From 1688 to 1763, there were four French and Indian Wars between the thirteen American colonies and New France, and two additional wars in Acadia and Nova Scotia. During Queen Anne’s War (1702–1713), the British conquest of Acadia in 1710 resulted in the formal ceding of Nova Scotia (except Cape Breton) to the British by the Treaty of Utrecht, including Rupert’s Land, which France had conquered in the late 17th century. At the Battle of Hudson’s Bay.

After the French defeat in the Seventh Year’s War, France ceded almost all of its North American possessions to Great Britain in 1763. As part of the terms of the Treaty of Paris, signed after the defeat of New France, France renounced its claims to mainland and North American territory, except for fishing rights to Newfoundland and two small islands. France had already secretly ceded its vast Louisiana territory under the Treaty of Ponte Fontainebleau in which King Louis XIV of France gave his cousin King Charles III of Spain the entire drainage basin from the Gulf of the Great Lakes to the Mississippi River. Britain meanwhile returned to its most important sugar-producing colony, Guadeloupe (Guadeloupe produced more sugar than all the British Isles combined, and Voltaire infamously referred to Canada as “a few acres of snow”).

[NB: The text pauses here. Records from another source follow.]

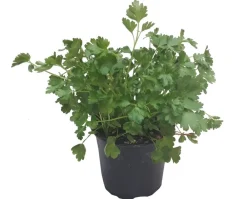 Horti-Flandre Plants De Légumes Et Aromatiques | - Persil plat pot 14 cm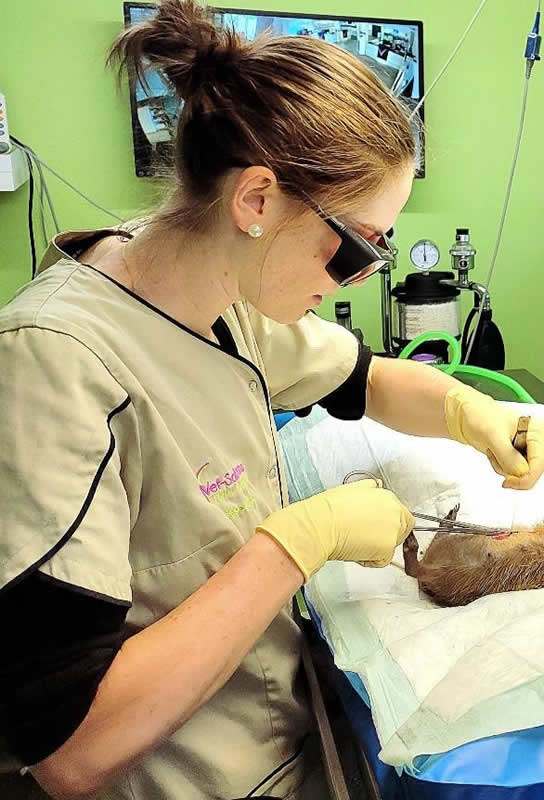 véto creaves Contacter un centre de soins - véto creaves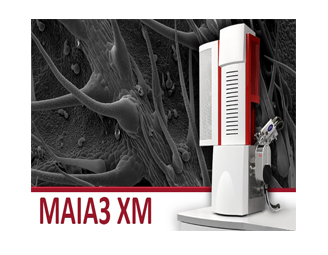 TESCAN扫描电镜MAIA3 XM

During the American Revolution, some Acadians and New England sympathizers from Nova Scotia joined the rebels, although hundreds did join the rebels. The invasion of Quebec by the Continental Army in 1775 and Guy Carleton’s support of local militias aimed at wresting Quebec from British control halted the Quebec War, and the defeat of the British army at the Siege of Yorktown in October 1781 signaled the end of Britain’s struggle to suppress the American Revolution. The British North American colonies were heavily involved in the War of 1812 between the United States and Britain. The war on the border with the United States resulted in several failed attacks on both sides. American forces took control of Lake Erie in 1813 and drove the British out of western Ontario, killing the Shawnee leader Tecumseh and destroying his military power.

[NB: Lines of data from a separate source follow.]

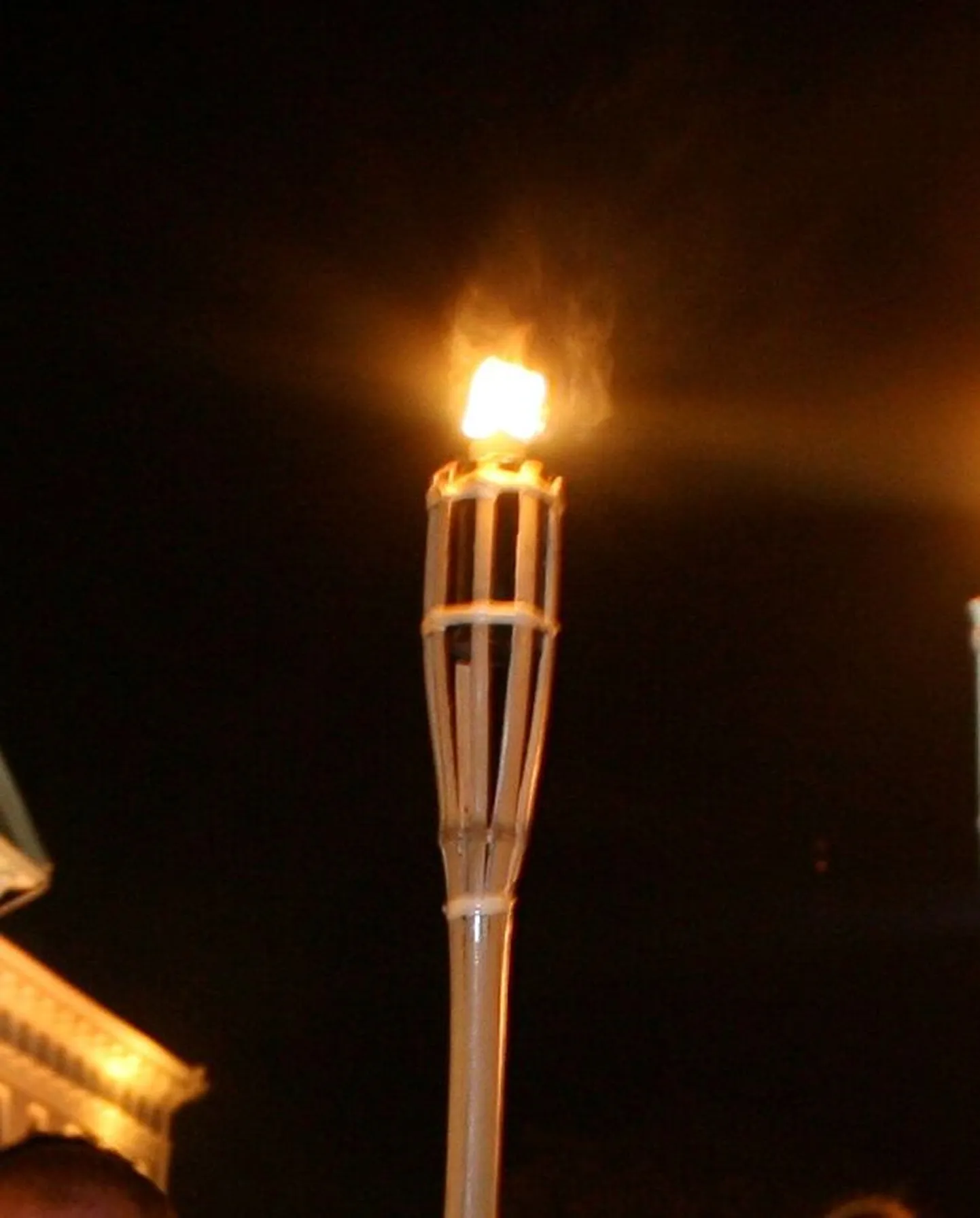 Artikli foto
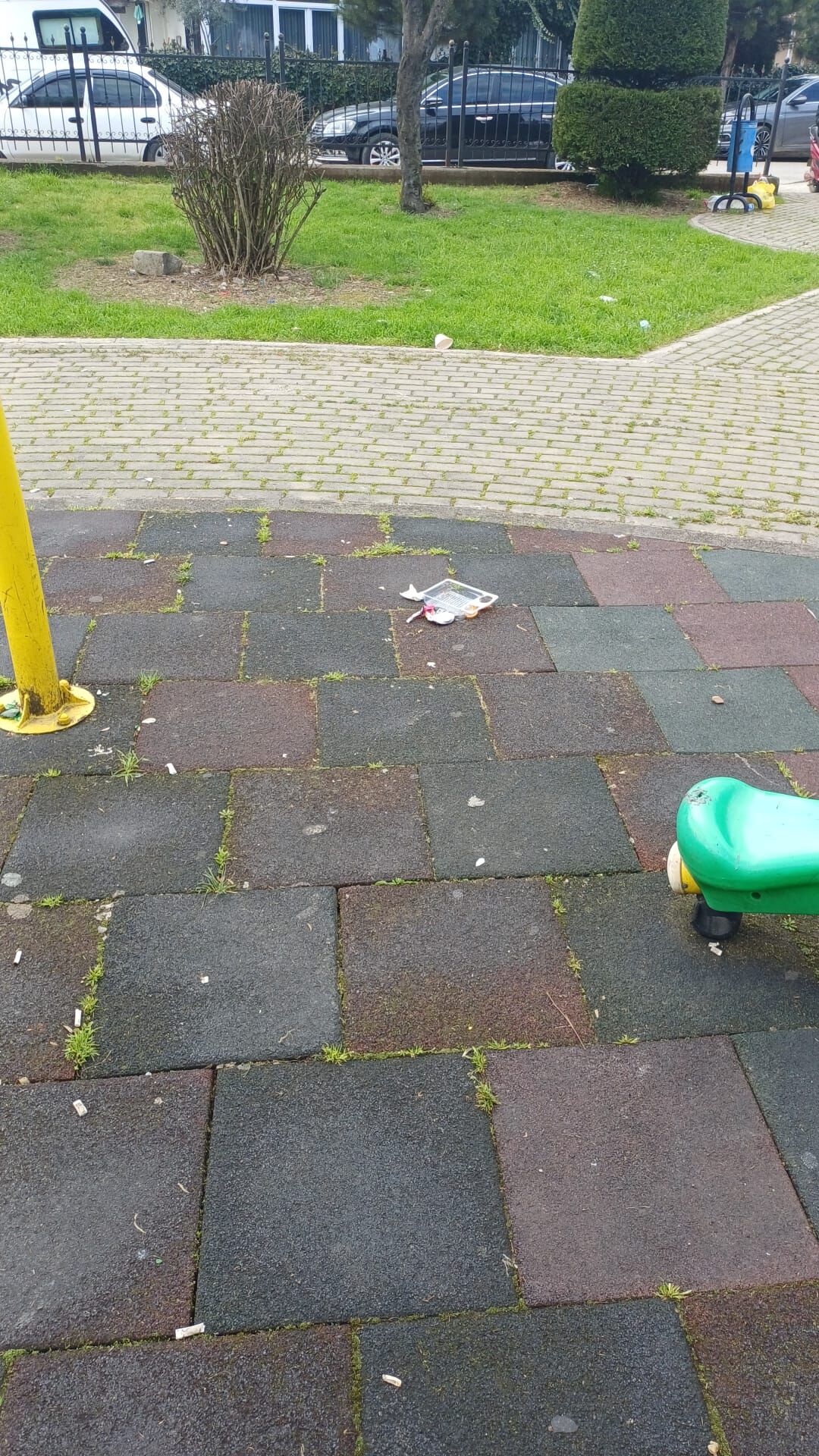 Whatsapp Image 2026 04 08 At 11.28.14 (1)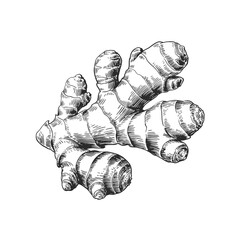 Vintage Ginger Root Engraving Illustration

The 1837 rebellion against the British colonial government took place in Upper and Lower Canada, with both English and French-Canadian rebels using bases in the neutral United States to wage various wars against the authorities. The towns of Chambly and Sorrel were captured by the rebels, and Quebec City was cut off from the rest of the colony. Montreal rebel leader Robert Nelson read the “Declaration of Independence of Lower Canada” to a crowd in Napeveril in 1838. However, after fighting across Quebec, the rebellion of the patriot movement was defeated. In retaliation hundreds of villagers were arrested and several villages were burnt down.

The British government then sent Lord Durham to Canada to investigate the situation, and under the Act of Union of 1840, Canada was incorporated into the United Kingdom’s single colony, the Province of Canada, and in 1848, responsible government was achieved in Nova Scotia a few months later.

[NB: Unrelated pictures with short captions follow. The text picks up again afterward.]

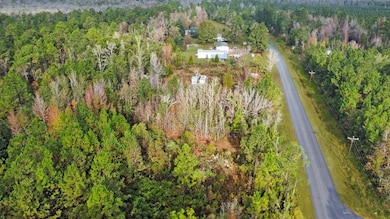 Lot 2 Old Bay City Rd, Wewahitchka, FL 32465 - photo 4
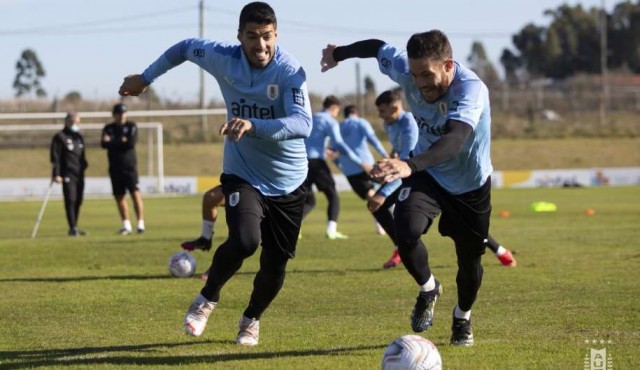 “Jugadores y potencial tenemos de sobra”, advierte Suárez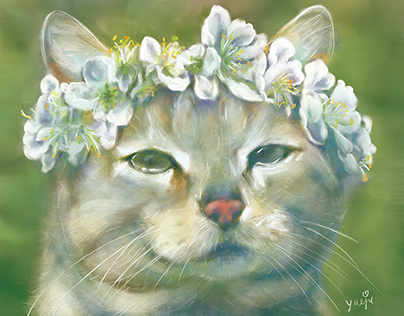 花冠小猫咪 Kitten with flowers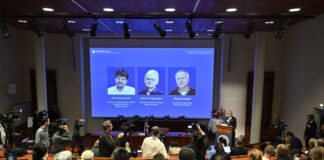 Medizin-Nobelpreis an zwei Deutsche und einen US-Forscher Der Nobelpreis für Medizin geht in diesem Jahr an die beiden Deutschen Peter Hegemann und Georg Nagel sowie den US-Forscher Karl Deisseroth.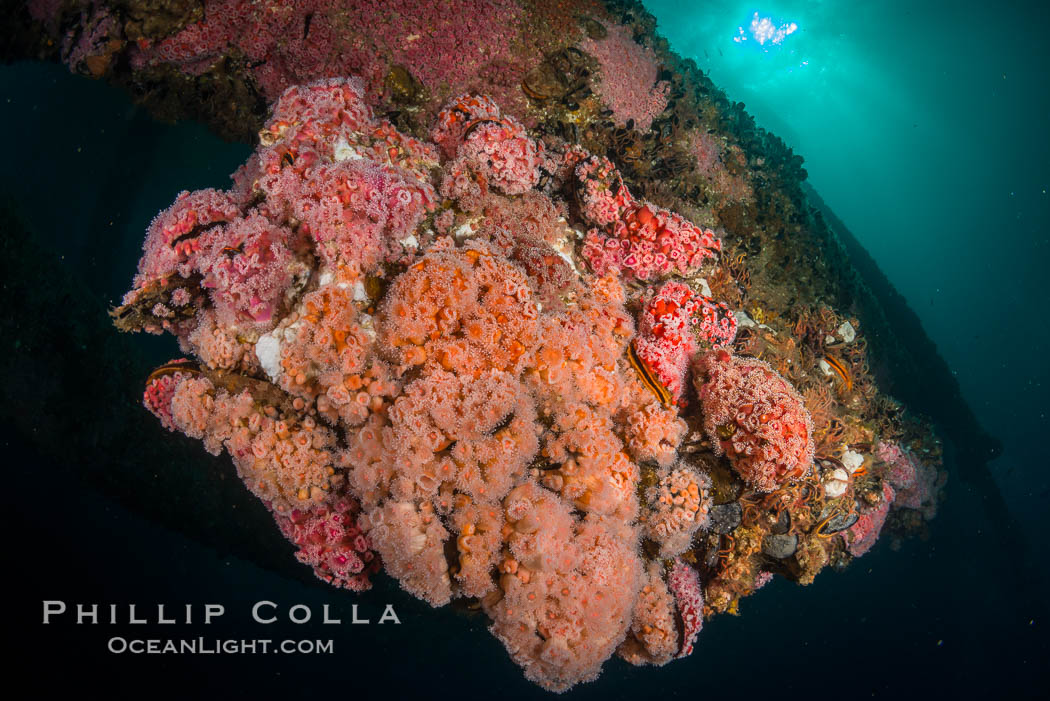 Invertebrate life covers the undersea pilings of a oil platform. Long Beach, California, USA, natural history stock photograph, photo id 34498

Meanwhile the colony of Vancouver Island was chartered in 1849 with a trading post capital at Fort Victoria. To be clearly defined, the Colony of the Queen Charlotte Islands was created in 1853 and the Colony of British Columbia in 1858 and the Stickine Territory in 1861 and incorporated into the Colony of British Columbia in 1863.

Many of us know that on July 1, 1867, the four provinces of Canada West, Ontario, Canada East, Quebec, New Brunswick and Nova Scotia united to form a new country called the Dominion of Canada under the British North America Act. Dominion Day is celebrated every year on July 1 to commemorate Canada becoming a self-governing country, now known as Canada Day.

Note that from 1841 to 1867 Upper Canada was known as Canada West and Lower Canada, Canada East although in 1840 Upper and Lower Canada were collectively referred to as the Province of Canada.

Although the official formation of Canada began in 1867, the present-day other provinces and territories subsequently joined the Canadian Federation at various times. Originally, Manitoba and the Northwest Territories joined the Canadian Federation in 1870, followed by British Columbia in 1871 and Prince Edward Island in 1873. Alberta and Saskatchewan became provinces in 1905. The last province, Newfoundland and Labrador, ended in 1949 with the accession of the British North American nation of Canada.